-- SOURCE MATERIAL follows --

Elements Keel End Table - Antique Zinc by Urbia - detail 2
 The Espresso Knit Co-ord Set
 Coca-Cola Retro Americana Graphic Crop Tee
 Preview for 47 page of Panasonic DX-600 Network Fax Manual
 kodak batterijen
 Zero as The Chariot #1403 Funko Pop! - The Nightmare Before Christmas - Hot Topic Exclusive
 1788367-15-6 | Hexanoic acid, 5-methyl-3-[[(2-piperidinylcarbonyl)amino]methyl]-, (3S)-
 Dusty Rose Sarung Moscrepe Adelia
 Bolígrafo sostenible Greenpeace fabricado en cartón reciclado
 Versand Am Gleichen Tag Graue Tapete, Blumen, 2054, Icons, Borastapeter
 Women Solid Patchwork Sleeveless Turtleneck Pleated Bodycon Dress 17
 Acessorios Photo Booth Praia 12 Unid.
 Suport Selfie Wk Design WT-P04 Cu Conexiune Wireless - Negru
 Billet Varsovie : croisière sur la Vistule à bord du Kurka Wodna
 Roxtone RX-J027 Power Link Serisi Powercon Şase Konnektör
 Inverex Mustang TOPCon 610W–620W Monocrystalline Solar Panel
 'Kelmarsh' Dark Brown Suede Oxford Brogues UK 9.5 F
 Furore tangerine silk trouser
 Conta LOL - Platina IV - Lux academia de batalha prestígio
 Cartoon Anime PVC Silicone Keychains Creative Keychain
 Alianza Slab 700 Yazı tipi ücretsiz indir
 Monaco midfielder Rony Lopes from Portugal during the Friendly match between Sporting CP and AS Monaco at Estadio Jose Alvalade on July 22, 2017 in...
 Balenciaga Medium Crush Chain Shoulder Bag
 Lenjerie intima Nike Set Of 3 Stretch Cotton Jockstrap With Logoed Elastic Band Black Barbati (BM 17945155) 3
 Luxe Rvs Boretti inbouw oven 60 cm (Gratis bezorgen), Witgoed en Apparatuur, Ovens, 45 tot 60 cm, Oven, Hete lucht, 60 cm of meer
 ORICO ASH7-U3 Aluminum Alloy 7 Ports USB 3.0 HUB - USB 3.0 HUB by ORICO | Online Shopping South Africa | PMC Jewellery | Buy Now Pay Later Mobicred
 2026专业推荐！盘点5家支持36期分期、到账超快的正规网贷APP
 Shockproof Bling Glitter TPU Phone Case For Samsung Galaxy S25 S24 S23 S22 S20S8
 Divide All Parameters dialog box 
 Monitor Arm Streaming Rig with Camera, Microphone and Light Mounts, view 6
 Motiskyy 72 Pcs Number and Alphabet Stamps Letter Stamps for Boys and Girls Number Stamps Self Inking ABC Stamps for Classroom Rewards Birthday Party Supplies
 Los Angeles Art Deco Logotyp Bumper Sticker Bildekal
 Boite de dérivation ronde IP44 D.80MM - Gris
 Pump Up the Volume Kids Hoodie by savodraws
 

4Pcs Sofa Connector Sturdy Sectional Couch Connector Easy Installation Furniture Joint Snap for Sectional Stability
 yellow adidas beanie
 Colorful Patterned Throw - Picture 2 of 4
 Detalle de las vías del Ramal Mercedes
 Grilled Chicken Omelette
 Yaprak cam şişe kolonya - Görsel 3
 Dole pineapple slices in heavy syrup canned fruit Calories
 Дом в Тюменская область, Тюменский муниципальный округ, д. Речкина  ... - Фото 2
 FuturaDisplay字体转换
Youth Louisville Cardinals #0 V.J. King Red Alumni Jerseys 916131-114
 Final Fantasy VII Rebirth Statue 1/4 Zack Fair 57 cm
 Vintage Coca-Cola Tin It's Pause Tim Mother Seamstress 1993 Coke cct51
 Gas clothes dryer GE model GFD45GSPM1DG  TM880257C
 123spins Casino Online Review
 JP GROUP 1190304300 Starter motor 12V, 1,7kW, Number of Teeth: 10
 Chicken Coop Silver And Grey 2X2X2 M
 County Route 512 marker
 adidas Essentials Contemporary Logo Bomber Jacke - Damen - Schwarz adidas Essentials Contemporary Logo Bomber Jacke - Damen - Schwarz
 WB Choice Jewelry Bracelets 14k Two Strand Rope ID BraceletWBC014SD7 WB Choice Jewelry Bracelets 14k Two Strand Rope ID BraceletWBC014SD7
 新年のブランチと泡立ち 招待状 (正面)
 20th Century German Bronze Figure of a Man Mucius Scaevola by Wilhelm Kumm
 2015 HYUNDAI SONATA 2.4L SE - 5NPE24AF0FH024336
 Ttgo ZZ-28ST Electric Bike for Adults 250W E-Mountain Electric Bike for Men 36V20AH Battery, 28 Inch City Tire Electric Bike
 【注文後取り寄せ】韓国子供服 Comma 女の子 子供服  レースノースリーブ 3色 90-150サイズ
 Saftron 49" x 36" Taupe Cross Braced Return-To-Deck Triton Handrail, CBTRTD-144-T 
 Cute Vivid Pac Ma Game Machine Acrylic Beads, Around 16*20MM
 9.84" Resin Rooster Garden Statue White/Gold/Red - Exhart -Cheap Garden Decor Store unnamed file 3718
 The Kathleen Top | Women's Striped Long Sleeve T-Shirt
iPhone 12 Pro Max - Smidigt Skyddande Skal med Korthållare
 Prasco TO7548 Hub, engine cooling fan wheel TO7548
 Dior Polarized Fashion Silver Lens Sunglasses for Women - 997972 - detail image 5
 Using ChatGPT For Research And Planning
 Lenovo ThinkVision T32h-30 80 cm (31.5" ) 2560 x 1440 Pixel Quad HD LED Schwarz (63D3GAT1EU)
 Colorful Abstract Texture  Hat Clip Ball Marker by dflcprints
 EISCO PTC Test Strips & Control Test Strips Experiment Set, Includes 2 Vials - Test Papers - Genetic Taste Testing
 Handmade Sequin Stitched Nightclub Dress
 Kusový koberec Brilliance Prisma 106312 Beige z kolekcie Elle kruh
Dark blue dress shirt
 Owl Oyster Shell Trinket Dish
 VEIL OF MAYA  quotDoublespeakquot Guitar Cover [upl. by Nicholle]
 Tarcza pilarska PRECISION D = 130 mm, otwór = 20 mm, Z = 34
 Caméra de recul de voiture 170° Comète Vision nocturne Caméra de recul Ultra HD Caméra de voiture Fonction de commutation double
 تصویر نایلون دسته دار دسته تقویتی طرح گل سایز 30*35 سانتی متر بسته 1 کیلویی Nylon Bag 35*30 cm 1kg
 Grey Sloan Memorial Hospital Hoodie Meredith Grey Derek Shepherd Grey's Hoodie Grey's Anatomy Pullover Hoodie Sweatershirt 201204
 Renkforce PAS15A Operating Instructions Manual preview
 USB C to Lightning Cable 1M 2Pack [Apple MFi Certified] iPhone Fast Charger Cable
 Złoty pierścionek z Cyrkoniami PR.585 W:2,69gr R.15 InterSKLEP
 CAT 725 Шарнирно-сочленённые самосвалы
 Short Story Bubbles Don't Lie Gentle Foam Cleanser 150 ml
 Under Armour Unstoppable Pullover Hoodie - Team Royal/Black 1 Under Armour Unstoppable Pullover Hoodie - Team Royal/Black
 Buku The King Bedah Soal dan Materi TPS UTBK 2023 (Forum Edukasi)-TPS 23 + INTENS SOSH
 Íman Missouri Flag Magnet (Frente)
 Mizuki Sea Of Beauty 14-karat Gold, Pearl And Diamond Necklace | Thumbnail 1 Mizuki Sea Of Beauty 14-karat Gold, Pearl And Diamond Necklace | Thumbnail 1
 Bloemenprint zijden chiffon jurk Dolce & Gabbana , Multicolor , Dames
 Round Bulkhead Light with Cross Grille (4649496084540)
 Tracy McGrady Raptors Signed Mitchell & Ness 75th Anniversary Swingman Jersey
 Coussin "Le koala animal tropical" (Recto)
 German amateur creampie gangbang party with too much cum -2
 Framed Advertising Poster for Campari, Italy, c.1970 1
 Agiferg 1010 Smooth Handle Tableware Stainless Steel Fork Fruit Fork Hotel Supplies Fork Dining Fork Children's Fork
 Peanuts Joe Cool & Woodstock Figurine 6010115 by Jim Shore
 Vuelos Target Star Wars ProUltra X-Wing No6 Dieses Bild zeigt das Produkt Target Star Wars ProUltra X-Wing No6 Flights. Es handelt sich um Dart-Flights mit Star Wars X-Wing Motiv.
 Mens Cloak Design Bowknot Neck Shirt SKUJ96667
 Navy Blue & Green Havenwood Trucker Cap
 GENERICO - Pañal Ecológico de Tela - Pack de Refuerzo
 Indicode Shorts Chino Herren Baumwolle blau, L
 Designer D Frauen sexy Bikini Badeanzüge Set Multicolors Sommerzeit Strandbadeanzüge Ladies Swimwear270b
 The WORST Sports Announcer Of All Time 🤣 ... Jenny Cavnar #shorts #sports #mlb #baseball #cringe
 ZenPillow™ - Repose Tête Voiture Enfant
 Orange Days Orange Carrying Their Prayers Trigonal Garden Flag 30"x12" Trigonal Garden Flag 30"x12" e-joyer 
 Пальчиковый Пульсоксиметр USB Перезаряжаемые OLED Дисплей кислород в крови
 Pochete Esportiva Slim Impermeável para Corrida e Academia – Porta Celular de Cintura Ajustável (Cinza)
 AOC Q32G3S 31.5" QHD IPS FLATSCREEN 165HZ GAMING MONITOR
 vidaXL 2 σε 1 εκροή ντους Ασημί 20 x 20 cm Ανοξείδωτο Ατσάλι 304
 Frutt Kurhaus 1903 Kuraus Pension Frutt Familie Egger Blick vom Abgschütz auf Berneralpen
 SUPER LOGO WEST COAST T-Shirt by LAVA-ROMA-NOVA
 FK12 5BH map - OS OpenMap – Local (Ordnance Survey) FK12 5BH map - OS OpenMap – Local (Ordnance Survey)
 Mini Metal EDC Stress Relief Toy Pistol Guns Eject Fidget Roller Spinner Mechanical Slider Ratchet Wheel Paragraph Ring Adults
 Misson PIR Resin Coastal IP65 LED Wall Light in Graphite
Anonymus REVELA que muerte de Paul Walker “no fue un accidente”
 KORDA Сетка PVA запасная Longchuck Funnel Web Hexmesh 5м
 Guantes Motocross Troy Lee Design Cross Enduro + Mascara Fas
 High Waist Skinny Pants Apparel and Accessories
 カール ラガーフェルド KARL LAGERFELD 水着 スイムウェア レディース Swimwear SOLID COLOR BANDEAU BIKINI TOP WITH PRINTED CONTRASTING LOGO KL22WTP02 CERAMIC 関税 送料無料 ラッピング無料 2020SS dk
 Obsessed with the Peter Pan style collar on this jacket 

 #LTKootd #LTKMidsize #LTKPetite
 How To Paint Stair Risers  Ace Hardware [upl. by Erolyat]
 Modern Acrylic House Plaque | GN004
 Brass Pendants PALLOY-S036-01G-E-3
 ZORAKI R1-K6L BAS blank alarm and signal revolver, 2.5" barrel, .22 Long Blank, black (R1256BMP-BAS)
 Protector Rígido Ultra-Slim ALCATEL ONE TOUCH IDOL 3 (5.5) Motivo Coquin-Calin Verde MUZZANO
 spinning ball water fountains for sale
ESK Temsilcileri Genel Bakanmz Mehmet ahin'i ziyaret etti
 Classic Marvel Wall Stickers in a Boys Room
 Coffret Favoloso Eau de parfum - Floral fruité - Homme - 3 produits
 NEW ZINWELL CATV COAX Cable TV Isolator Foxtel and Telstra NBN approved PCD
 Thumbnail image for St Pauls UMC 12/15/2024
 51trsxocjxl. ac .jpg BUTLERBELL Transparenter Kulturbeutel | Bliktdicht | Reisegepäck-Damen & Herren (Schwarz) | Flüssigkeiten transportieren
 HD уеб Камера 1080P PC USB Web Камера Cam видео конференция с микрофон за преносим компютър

-- SOURCE MATERIAL concluded --

*HOW TO COMPLETE THIS TASK:*
In the data above, which lines lie between the line with "Framed Advertising Poster" and the line with "GENERICO - Pañal", inclusive? Print those lines exactly and nothing else.

*ANSWER SECTION:*
 Framed Advertising Poster for Campari, Italy, c.1970 1
 Agiferg 1010 Smooth Handle Tableware Stainless Steel Fork Fruit Fork Hotel Supplies Fork Dining Fork Children's Fork
 Peanuts Joe Cool & Woodstock Figurine 6010115 by Jim Shore
 Vuelos Target Star Wars ProUltra X-Wing No6 Dieses Bild zeigt das Produkt Target Star Wars ProUltra X-Wing No6 Flights. Es handelt sich um Dart-Flights mit Star Wars X-Wing Motiv.
 Mens Cloak Design Bowknot Neck Shirt SKUJ96667
 Navy Blue & Green Havenwood Trucker Cap
 GENERICO - Pañal Ecológico de Tela - Pack de Refuerzo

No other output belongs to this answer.